Yeah, maybe not everything in the movie is funny, like John Belushi's moustache.  Thankfully his few minutes as a bandito-looking sheriff in the small town are more than amusing, and Nicholson ultimately reveals his skills at directing comedy.  Some of this is just from his own confidence at pulling off self-conscious hammy acting.  This is something that may get on viewers nerves, and may account for the IMDb.com rating being a 6.2/10, a decent but not very high rating.  For me it worked completely in the scewball style, which included details like how Christopher Lloyd's town-deputy had the hots for Julia and now can't stand it that Moon's finagled his way into becoming her husband (there's a hilarious scene where he goads him on, and Nicholson turns into a kind of kooky caricature that only Johnny Depp could have pulled off with vigor and goading).

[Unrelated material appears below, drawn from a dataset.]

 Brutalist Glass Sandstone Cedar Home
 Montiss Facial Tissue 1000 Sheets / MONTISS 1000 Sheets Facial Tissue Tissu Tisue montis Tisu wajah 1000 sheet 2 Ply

So... Animal House... did you really break a bottle over your head?  Cool!
Not all of the movie works.  The end of the movie wraps up just a little too quick, despite a mostly exciting gun battle that is notably without much blood.  And the music is a little too goofy on the whole, though it's probably the point for it to sound like that with such a goofy story.  What did work for me worked very well, which was the chemistry between the two leads.  It doesn't seem apparent at first, but then again Julia seems to be a cold fish, workmanlike, maybe a tomboy who does a lot of "man's" work for the old-West, and Moon is such a misfit with a lust for drink and rascally facial expressions.  But it's always there, and the comedy that comes out of the awkwardness if genial and fun.  To be honest I'd rather see something a little eccentric like this than a Katharine Hepburn/Spencer Tracy comedy from the 40's, which would be more well-mannered in a way.

So, it sounds convoluted, but I end up in the future, that is a future movie ending up with Christopher Lloyd... yeah.  
Goin' South is best seen a down-and-dirty piece of gritty, eccentric-light comedy.  Nicholson's eye is fine if not superbly attuned as director for a genre piece (hence why I didn't bring up, you know, Sergio Leone or John Ford or someone so grandmaster in comparison, actually Anthony Mann is being generous).  He's helped largely by cinematography by the great Nestor Almendros, who gives some of the best contributions for those tight, claustrophobic scenes in the mine where it's all dark save for a lantern and the two faces of the stars.  And there's such a fun ensemble cast going on here, with Lloyd, Danny De Vito, Veronica Cartwright, Belushi (who may be a little too slapstick for me but has an accent that kills), and Ed Begley Jr, and there's always something for them when they come on-screen, especially when Moon's old gang comes moseying on over in the middle of the night to party down with the Moon couple.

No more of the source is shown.